Required action →
Find the line containing "Cabelo comprido com", then print it and each line after it through the end of the listing exactly, with no pictures.

Information provided Start Marker

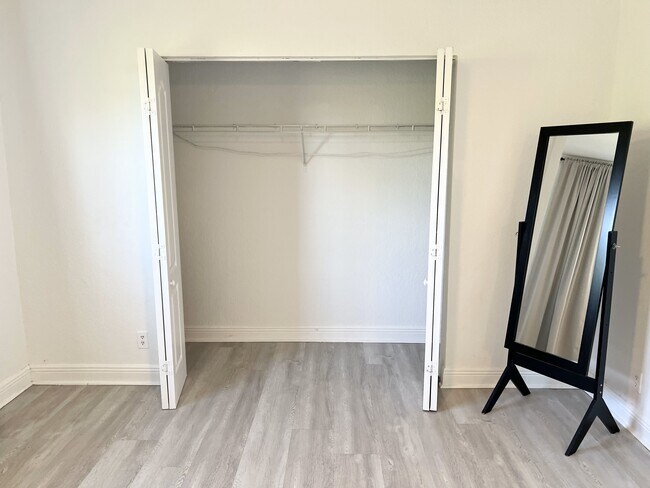 Amplio espacio de armario - 110 SE 2nd St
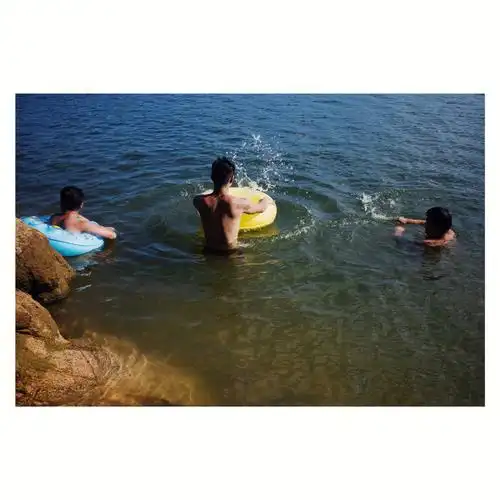 理光gr3x在河里游泳才是夏天该做的事情啊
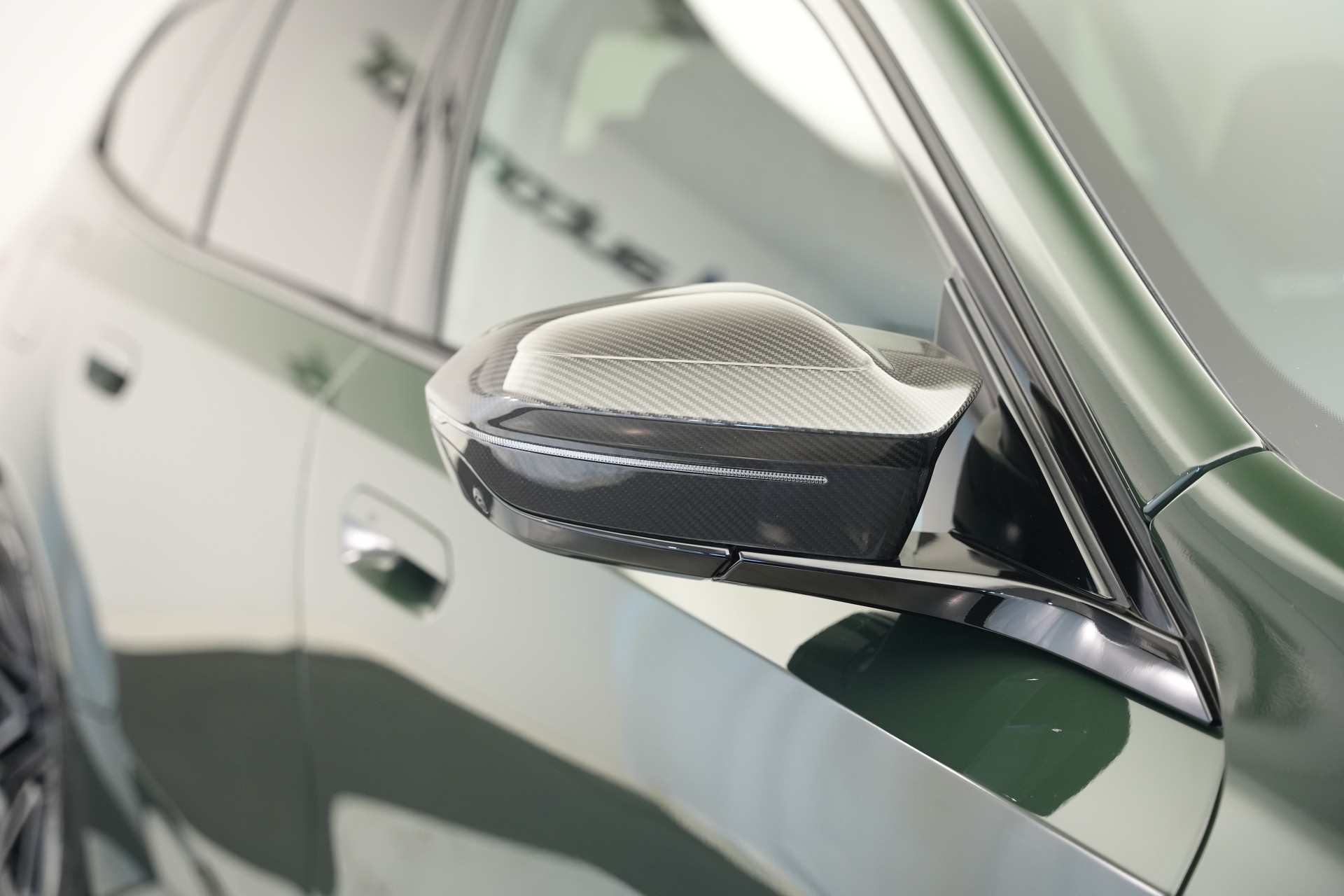 BMW M5 xDrive Touring *Brewster Green* *Keramik* *Pano* *Iconic Glow*-image-62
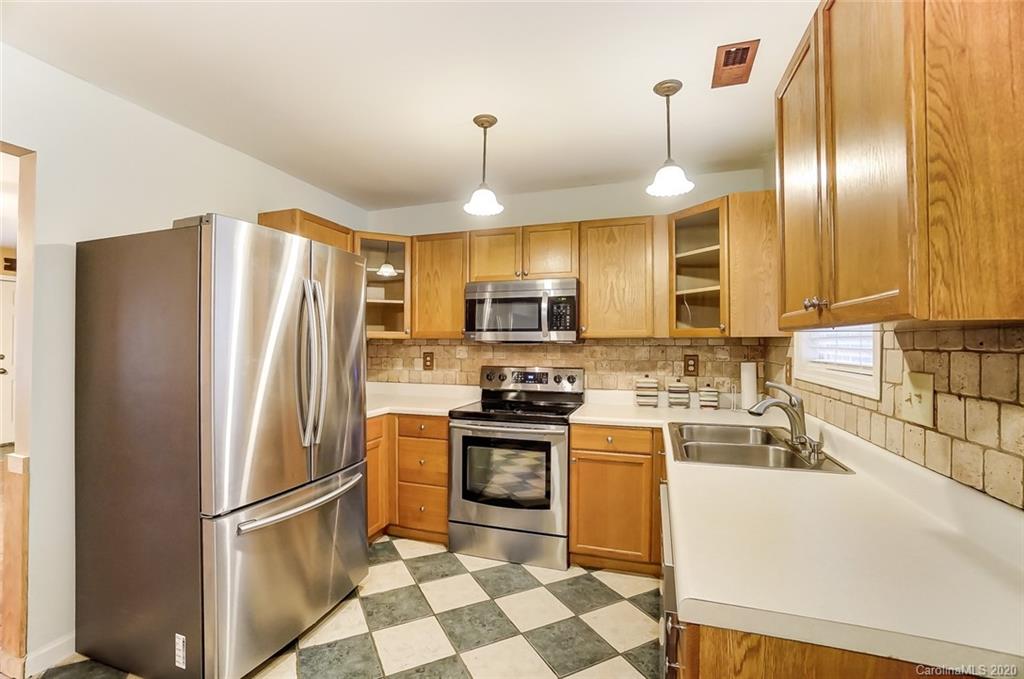 1574 Daybreak Ridge Road Kannapolis, NC 28081 - Photo 9 of 48 Gallery Image 9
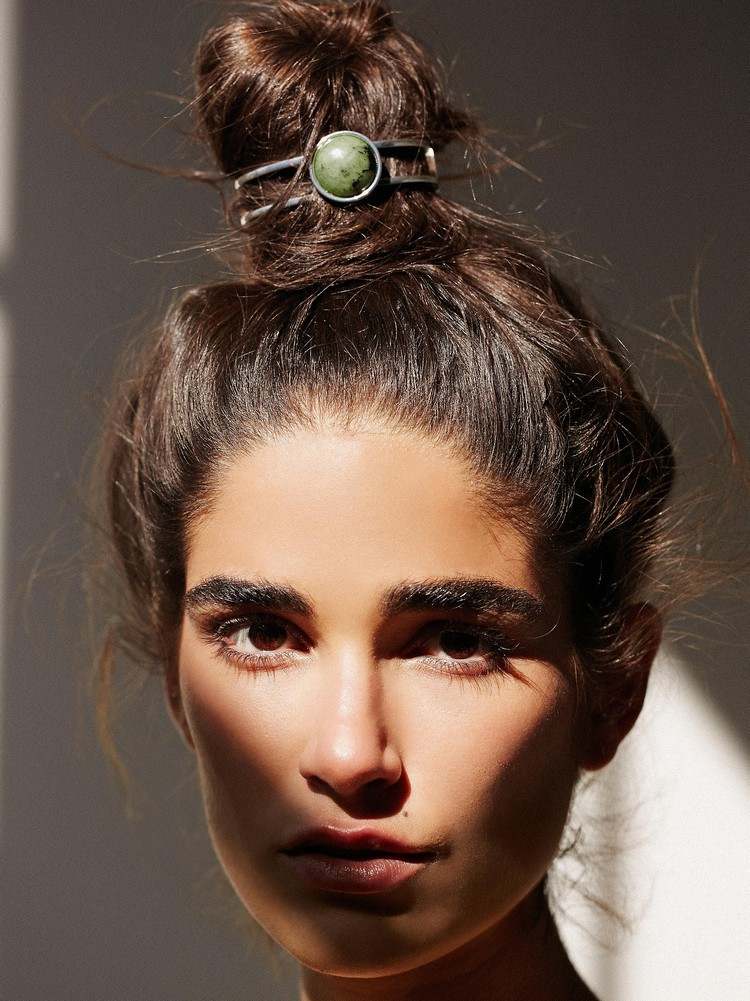 Cabelo comprido com coque bagunçado fecho de pedra verde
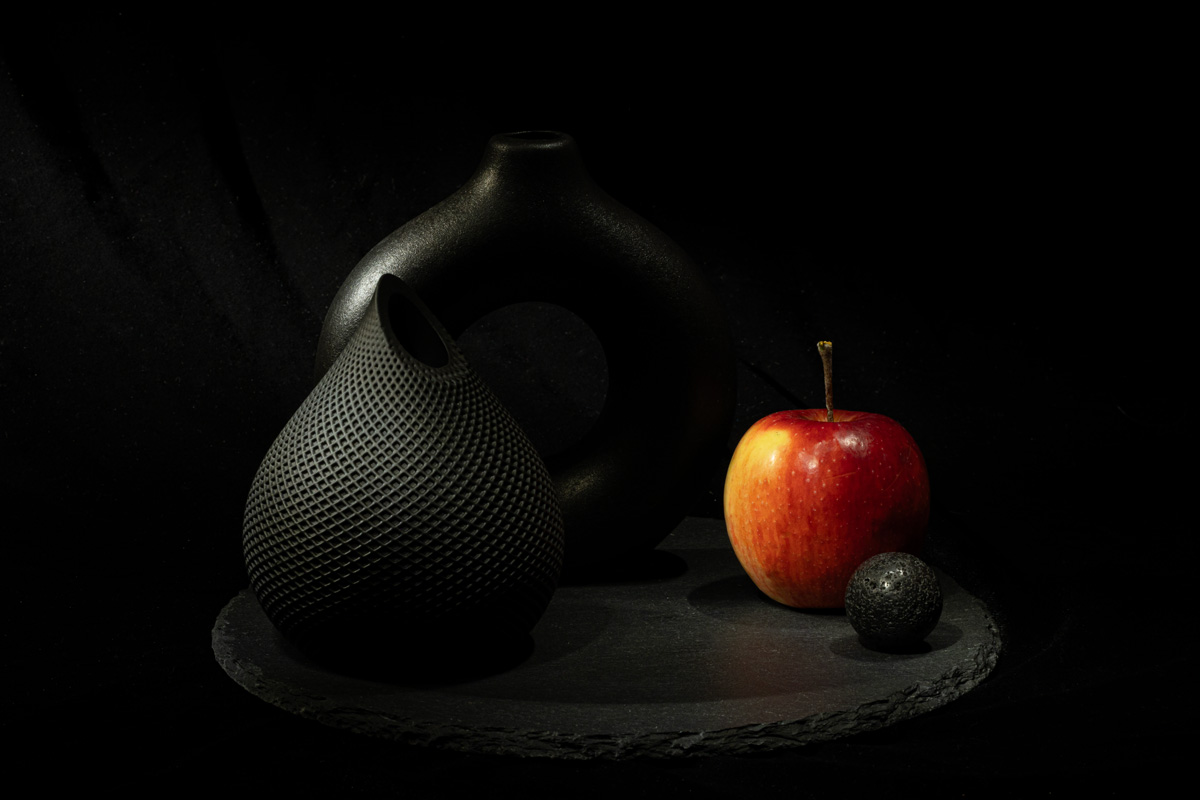 Натюрморт с яблоком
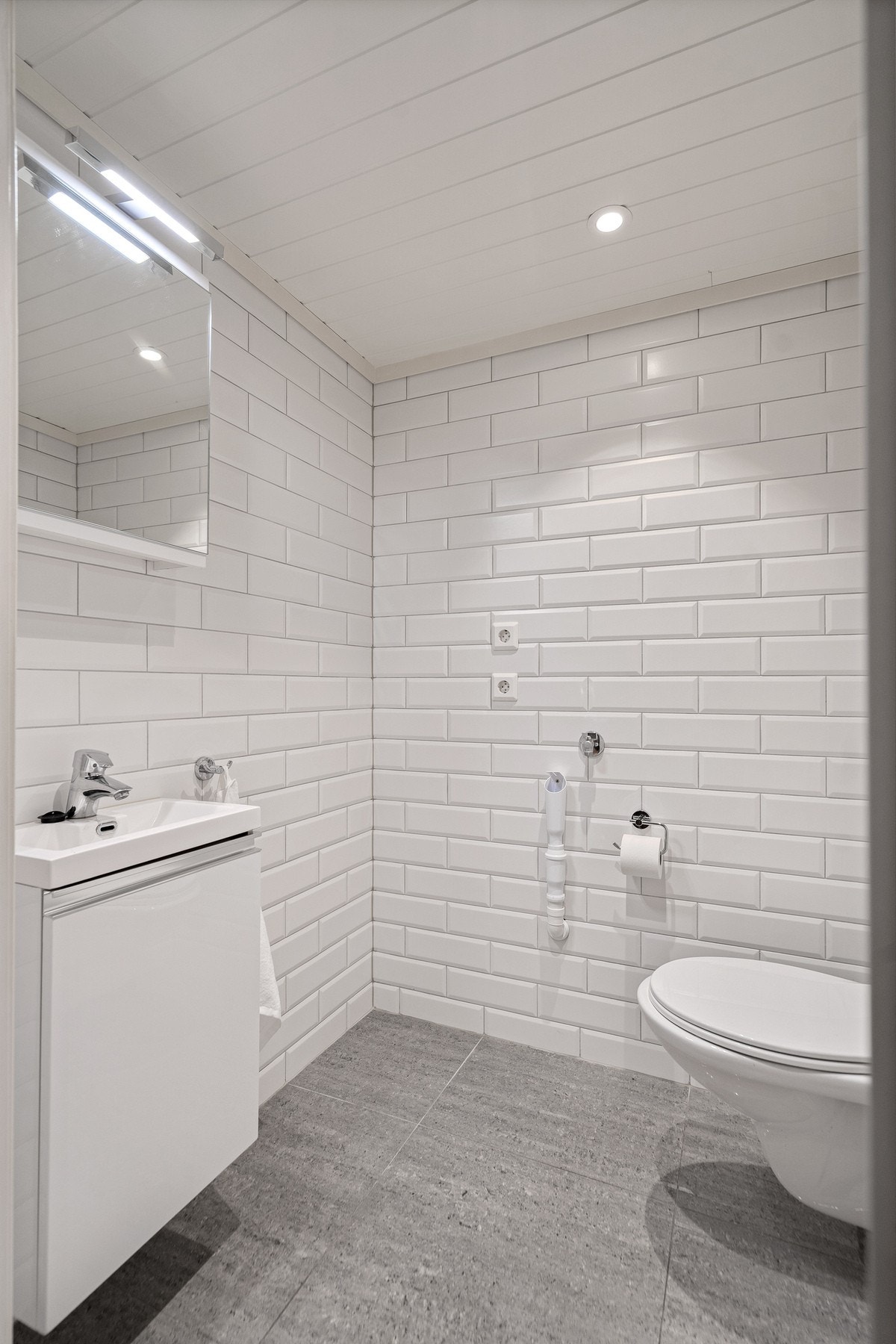 Separat toalett rom som også har opplegg for vaskemaskin Galleribilde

Information provided End Marker

Problem solution →
 Cabelo comprido com coque bagunçado fecho de pedra verde
 Натюрморт с яблоком
 Separat toalett rom som også har opplegg for vaskemaskin Galleribilde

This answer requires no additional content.